AUTORECODE recodes the values of string and numeric variables to consecutive integers and puts the recoded values into a new variable called a target variable. The value labels or values of the original variable are used as value labels for the target variable. AUTORECODE is useful for creating numeric independent (grouping) variables from string variables for procedures such as ONEWAY and DISCRIMINANT. AUTORECODE can also recode the values of factor variables to consecutive integers, which may be required by some procedures and which reduces the amount of workspace needed by some statistical procedures.

Basic Specification

The basic specification is VARIABLES and INTO. VARIABLES specifies the variables to be recoded. INTO provides names for the target variables that store the new values. VARIABLES and INTO must name or imply the same number of variables.

Subcommand Order

  • VARIABLES must be specified first.
  • INTO must immediately follow VARIABLES.
  • All other subcommands can be specified in any order.

Syntax Rules

  • A variable cannot be recoded into itself. More generally, target variable names cannot duplicate any variable names already in the working file.
  • If the GROUP or APPLY TEMPLATE subcommand is specified, all variables on the VARIABLES subcommand must be the same type (numeric or string).
  • If APPLY TEMPLATE is specified, all variables on the VARIABLES subcommand must be the same type (numeric or string) as the type defined in the template.
  • File specifications on the APPLY TEMPLATE and SAVE TEMPLATE subcommands follow the normal conventions for file specifications.

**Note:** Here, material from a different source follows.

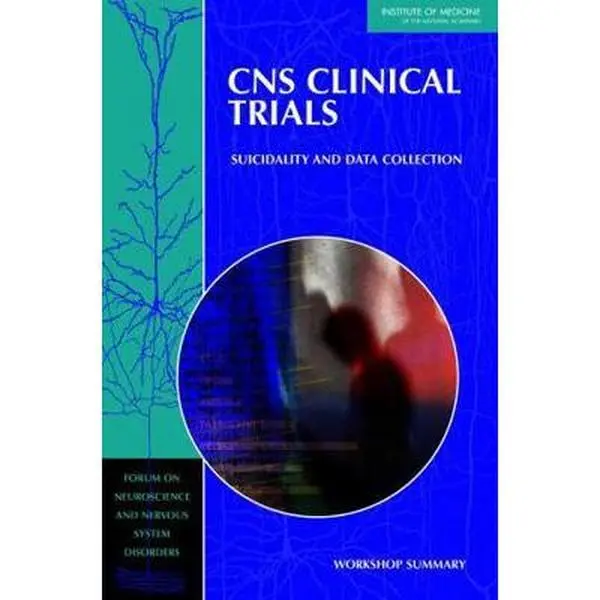 USED-CNS Clinical Trials: Suicidality and Data Collection: Workshop Summary by Institute of Medicine (Paperback)
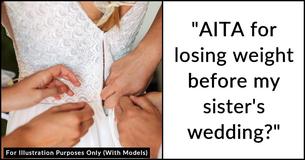 Woman Loses About 100lbs In A Year, Gets Accused Of “Upstaging” Sister At Her Wedding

Enclosing file specifications in quotation marks is recommended.

Operations

  • The values of each variable to be recoded are sorted and then assigned numeric values. By default, the values are assigned in ascending order: 1 is assigned to the lowest nonmissing value of the original variable; 2, to the second-lowest nonmissing value; and so on, for each value of the original variable.
  • Values of the original variables are unchanged.
  • Missing values are recoded into values higher than any nonmissing values, with their order preserved. For example, if the original variable has 10 nonmissing values, the first missing value is recoded as 11 and retains its user-missing status. System-missing values remain system-missing. (See the GROUP, APPLY TEMPLATE, and SAVE TEMPLATE subcommands for additional rules for user-missing values.)
  • AUTORECODE does not sort the cases in the working file. As a result, the consecutive numbers assigned to the target variables may not be in order in the file.
  • Target variables are assigned the same variable labels as the original source variables. To change the variable labels, use the VARIABLE LABELS command after AUTORECODE.
  • Value labels are automatically generated for each value of the target variables. If the original value had a label, that label is used for the corresponding new value. If the original value did not have a label, the old value itself is used as the value label for the new value. The defined print format of the old value is used to create the new value label.
  • AUTORECODE ignores SPLIT FILE specifications. However, any SELECT IF specifications are in effect for AUTORECODE.